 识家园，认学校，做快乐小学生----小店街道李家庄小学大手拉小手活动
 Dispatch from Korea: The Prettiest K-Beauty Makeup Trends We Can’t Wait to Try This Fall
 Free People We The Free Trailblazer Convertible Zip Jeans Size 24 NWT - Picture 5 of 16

------------------------------

▶ What to do:
Your job is to give the listing again exactly as it was written.

▶ Result of this task:
 识家园，认学校，做快乐小学生----小店街道李家庄小学大手拉小手活动
 Dispatch from Korea: The Prettiest K-Beauty Makeup Trends We Can’t Wait to Try This Fall
 Free People We The Free Trailblazer Convertible Zip Jeans Size 24 NWT - Picture 5 of 16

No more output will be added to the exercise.